Embora inicialmente esteja instável na corrida, Jann ganha confiança, especialmente quando tem que assumir na última volta um dos outros pilotos da equipe. Isso o coloca contra Capa, a quem ele contorna para assumir a posição de frente na última reta, garantindo à equipe Nissan o terceiro lugar e um lugar no pódio, embora se você não estiver observando de perto, você pensaria que eles venceram a coisa.

Mais importante, porém, é que a vitória nas 24 Horas de Le Mans ocorreu em 2013, enquanto o acidente em Nürburgring, no qual um espectador morreu tragicamente, aconteceu em 2015… dois anos completos depois.

O filme usa o incidente, em que uma pessoa real perdeu a vida, como forma de criar uma crise para seu protagonista, uma crise da qual ele poderá tirar forças para recuperar a confiança e eventualmente retornar triunfante ao esporte que ama. Exceto que nada disso aconteceu dessa maneira. Gran Turismo cria um cenário fictício que explora uma tragédia da vida real apenas para marcar alguns grandes momentos de “levante-se e torça” no terceiro ato de seu filme de corrida.

Em termos de filme, funciona. O terceiro ato, como mencionamos, é o melhor do filme. O acidente retratado é verdadeiramente aterrorizante, Jann e Salter (especialmente o último) conseguem algumas cenas substanciais para representar, e a corrida de Le Mans é filmada e editada de forma emocionante, levando a um momento catártico de vitória. Mas o filme leva a verdade tão longe que, uma vez que você sabe como tudo realmente aconteceu, a coisa toda parece uma fraude.

O Gran Turismo é um sucesso?

Em 2023, Jann Mardenborough ainda corre, competindo mais recentemente no Japão. O epílogo do filme afirma que ele competiu em mais de 200 corridas e na verdade serviu como dublê do filme. Tire as armadilhas da história verdadeira e a manipulação vergonhosa (mais do que o normal) de eventos reais, e Gran Turismo é em muitos aspectos um típico filme de esporte, cheio de momentos de triunfo e decepção, e alimentado principalmente pelas sequências que envolvem o próprio esporte.

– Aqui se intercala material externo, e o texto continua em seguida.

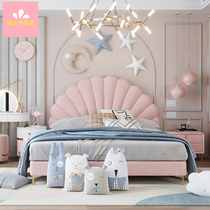 Nordic childrens bed dream princess girl daughter girl heart bed pink fabric girl bedroom bed 1 2 meters 1 5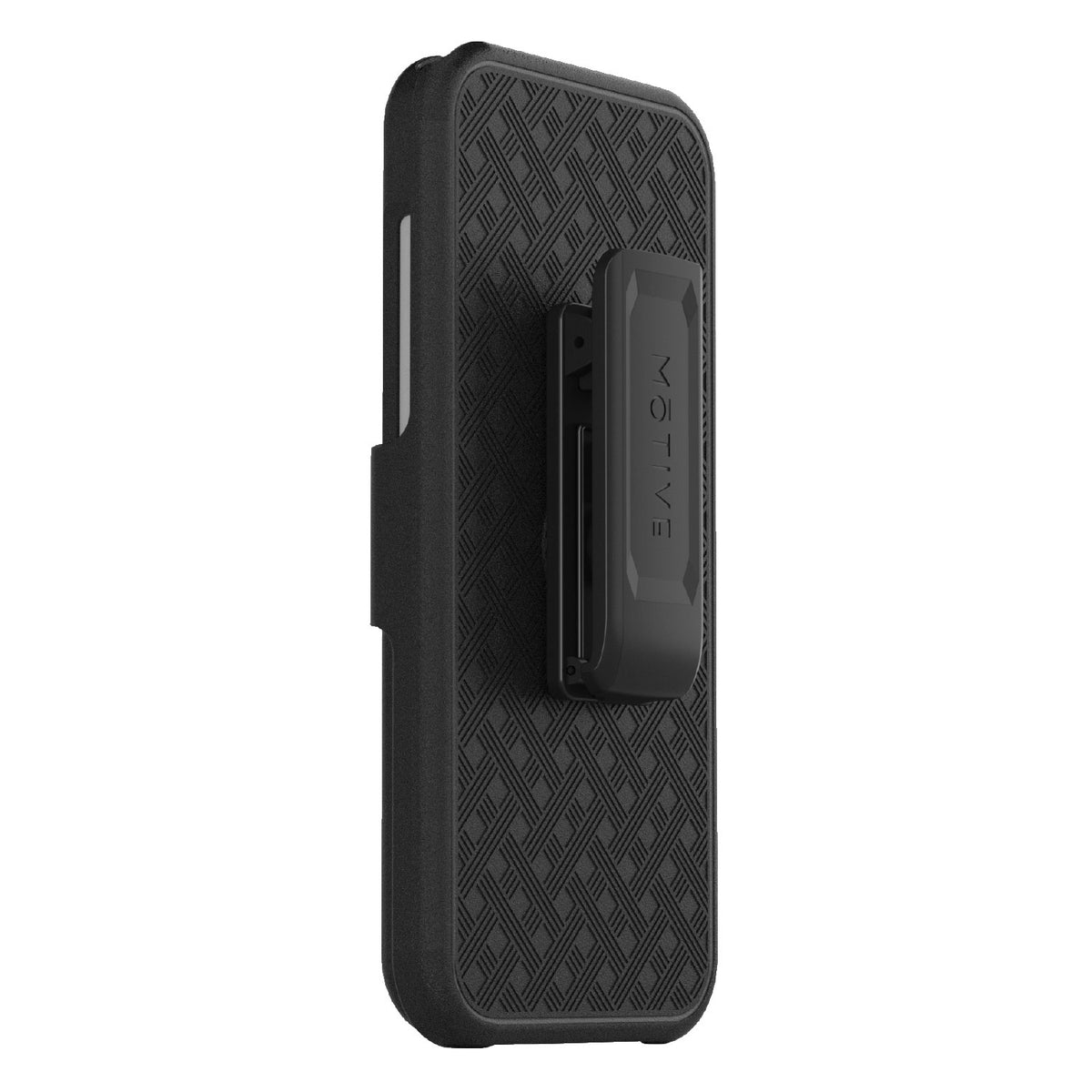 Heavy-duty Motivecase Ranger V1 clip holster for iPhone 16 Pro Max featuring durable 360-degree rotating belt clip with brand logo.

Mas o filme passa por questões mais profundas de corrida simulada versus corrida real (ou qualquer esporte simulado versus esporte real), e se a proficiência em um pode se estender ao outro (embora claramente tenha acontecido com Jann Mardenborough). O filme de Blomkamp se contenta com uma narrativa e personagens com quase dois centímetros de profundidade. A maior parte do filme é contada em montagens e poucas cenas têm espaço para respirar. As cenas de corrida têm alguns detalhes únicos, como Jann imaginando que está dirigindo no Gran Turismo jogo à medida que o carro se expande ao seu redor, mas são bastante incoerentes até chegarmos à sequência muito melhor de Le Mans.

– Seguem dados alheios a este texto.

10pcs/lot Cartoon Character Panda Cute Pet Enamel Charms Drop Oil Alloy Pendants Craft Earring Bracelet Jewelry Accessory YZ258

E nenhum personagem, exceto Harbour’s Salter e, até certo ponto, Madekwe’s Jann, recebe algo com que trabalhar. A namorada de Jann é literalmente apresentada como uma peça de braço, levada de avião para Tóquio a qualquer momento apenas para olhar com adoração para Jann e não dizer quase nada, enquanto seus pais (Djimon Hounsou e a ex-Spice Girl Geri Halliwell Horner) usam a aparência adequada de preocupação, e é isso.

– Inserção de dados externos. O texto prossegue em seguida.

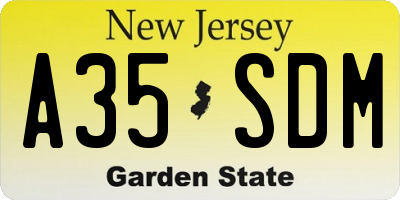 NJ license plate A35SDM
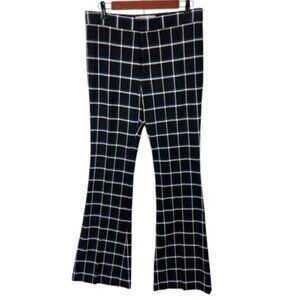 Derek Lam 10 Crosby Plaid Flare‎ Pants Women’s Size 8 Blue Black White Dressy
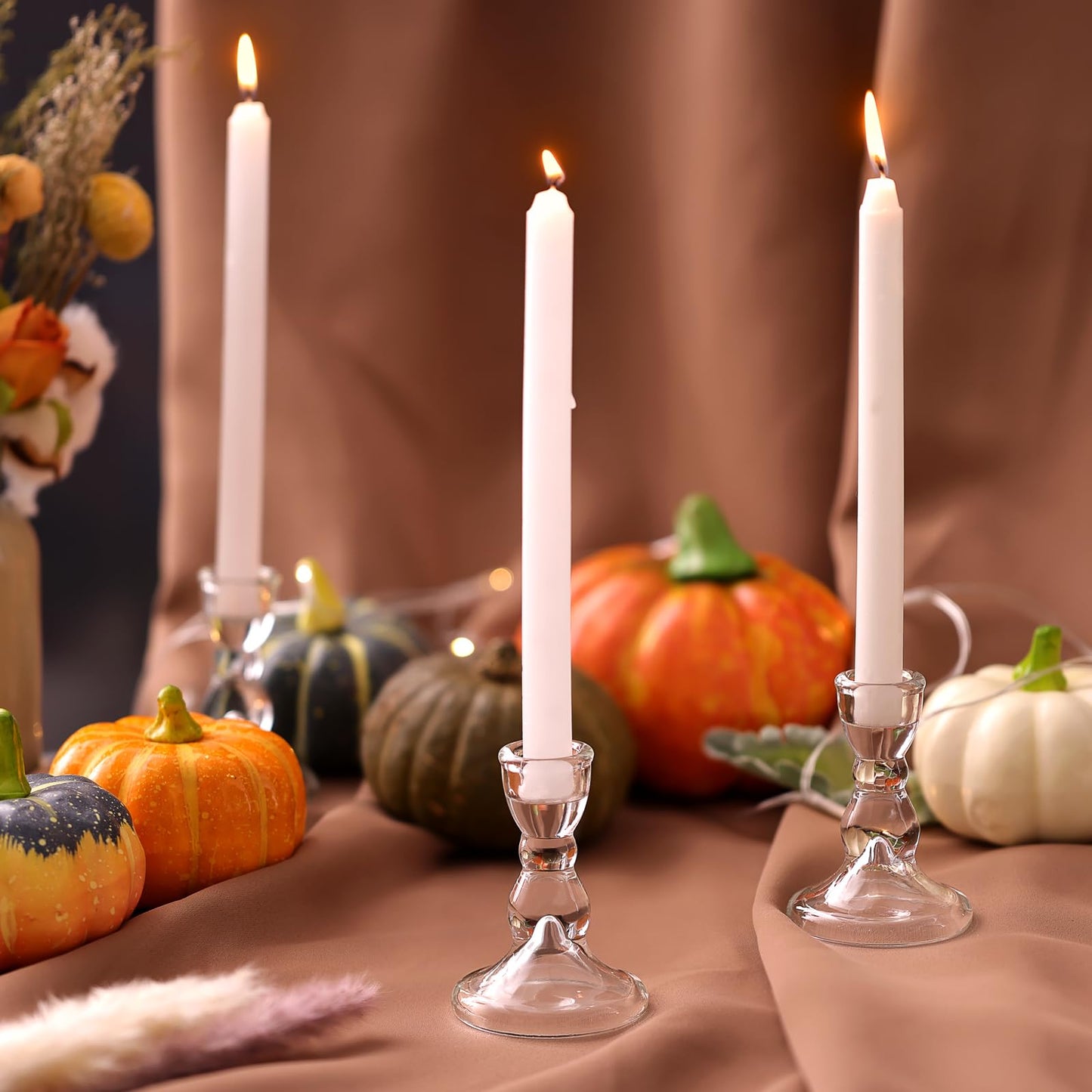 Lanttu 24 Pcs Candlestick Holders Bulk, 2.56 x 3.55in Clear Taper Candle Holders, Glass Candle Holders Set for Wedding Table, Party, Windowsill Decor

Uma fascinante história verdadeira foi desperdiçada, lixada para se ajustar à fórmula de um típico filme de esportes de Hollywood, e o eventual abandono imprudente da história real em favor de melodramáticos estereotipados torna os defeitos do filme flagrantes. Sim, Harbour é fantástico; sim, a corrida final e alguns floreios visuais acrescentam emoção ao terceiro ato; mas no final, é tudo um veículo vazio e, convenhamos, destinado a vender Nissans e PlayStations e cópias de Gran Turismo. Essa é uma verdade que este filme não consegue contornar.

Gran Turismo está nos cinemas agora.